# Work request
Each entry below is to be copied verbatim.

# Data
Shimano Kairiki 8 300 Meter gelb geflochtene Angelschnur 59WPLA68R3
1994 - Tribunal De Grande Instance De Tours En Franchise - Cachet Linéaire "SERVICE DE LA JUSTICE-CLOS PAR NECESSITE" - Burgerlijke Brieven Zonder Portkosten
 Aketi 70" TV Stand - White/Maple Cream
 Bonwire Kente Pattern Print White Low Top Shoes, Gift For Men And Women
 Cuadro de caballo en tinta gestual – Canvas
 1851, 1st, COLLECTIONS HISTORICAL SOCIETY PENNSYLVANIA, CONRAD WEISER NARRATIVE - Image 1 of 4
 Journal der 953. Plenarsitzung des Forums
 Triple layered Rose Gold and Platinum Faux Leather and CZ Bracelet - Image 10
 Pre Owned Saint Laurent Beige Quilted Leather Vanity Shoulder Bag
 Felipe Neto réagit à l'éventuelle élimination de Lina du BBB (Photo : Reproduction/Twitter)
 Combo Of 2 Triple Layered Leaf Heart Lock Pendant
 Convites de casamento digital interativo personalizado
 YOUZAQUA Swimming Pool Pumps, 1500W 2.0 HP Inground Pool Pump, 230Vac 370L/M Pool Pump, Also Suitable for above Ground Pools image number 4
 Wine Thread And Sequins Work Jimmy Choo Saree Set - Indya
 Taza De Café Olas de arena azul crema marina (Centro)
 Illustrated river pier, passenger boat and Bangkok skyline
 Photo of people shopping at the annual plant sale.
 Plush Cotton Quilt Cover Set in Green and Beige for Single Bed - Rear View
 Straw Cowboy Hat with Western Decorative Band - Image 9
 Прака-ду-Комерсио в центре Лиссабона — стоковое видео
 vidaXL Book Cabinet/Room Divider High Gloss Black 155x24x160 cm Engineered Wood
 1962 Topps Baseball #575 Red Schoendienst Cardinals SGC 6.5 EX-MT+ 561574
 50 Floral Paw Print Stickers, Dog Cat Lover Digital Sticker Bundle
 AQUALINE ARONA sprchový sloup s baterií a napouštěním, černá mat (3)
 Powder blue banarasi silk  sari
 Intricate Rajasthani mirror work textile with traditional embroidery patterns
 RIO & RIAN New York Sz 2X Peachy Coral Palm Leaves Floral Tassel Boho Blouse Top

# Solution to the problem
Shimano Kairiki 8 300 Meter gelb geflochtene Angelschnur 59WPLA68R3
1994 - Tribunal De Grande Instance De Tours En Franchise - Cachet Linéaire "SERVICE DE LA JUSTICE-CLOS PAR NECESSITE" - Burgerlijke Brieven Zonder Portkosten
 Aketi 70" TV Stand - White/Maple Cream
 Bonwire Kente Pattern Print White Low Top Shoes, Gift For Men And Women
 Cuadro de caballo en tinta gestual – Canvas
 1851, 1st, COLLECTIONS HISTORICAL SOCIETY PENNSYLVANIA, CONRAD WEISER NARRATIVE - Image 1 of 4
 Journal der 953. Plenarsitzung des Forums
 Triple layered Rose Gold and Platinum Faux Leather and CZ Bracelet - Image 10
 Pre Owned Saint Laurent Beige Quilted Leather Vanity Shoulder Bag
 Felipe Neto réagit à l'éventuelle élimination de Lina du BBB (Photo : Reproduction/Twitter)
 Combo Of 2 Triple Layered Leaf Heart Lock Pendant
 Convites de casamento digital interativo personalizado
 YOUZAQUA Swimming Pool Pumps, 1500W 2.0 HP Inground Pool Pump, 230Vac 370L/M Pool Pump, Also Suitable for above Ground Pools image number 4
 Wine Thread And Sequins Work Jimmy Choo Saree Set - Indya
 Taza De Café Olas de arena azul crema marina (Centro)
 Illustrated river pier, passenger boat and Bangkok skyline
 Photo of people shopping at the annual plant sale.
 Plush Cotton Quilt Cover Set in Green and Beige for Single Bed - Rear View
 Straw Cowboy Hat with Western Decorative Band - Image 9
 Прака-ду-Комерсио в центре Лиссабона — стоковое видео
 vidaXL Book Cabinet/Room Divider High Gloss Black 155x24x160 cm Engineered Wood
 1962 Topps Baseball #575 Red Schoendienst Cardinals SGC 6.5 EX-MT+ 561574
 50 Floral Paw Print Stickers, Dog Cat Lover Digital Sticker Bundle
 AQUALINE ARONA sprchový sloup s baterií a napouštěním, černá mat (3)
 Powder blue banarasi silk  sari
 Intricate Rajasthani mirror work textile with traditional embroidery patterns
 RIO & RIAN New York Sz 2X Peachy Coral Palm Leaves Floral Tassel Boho Blouse Top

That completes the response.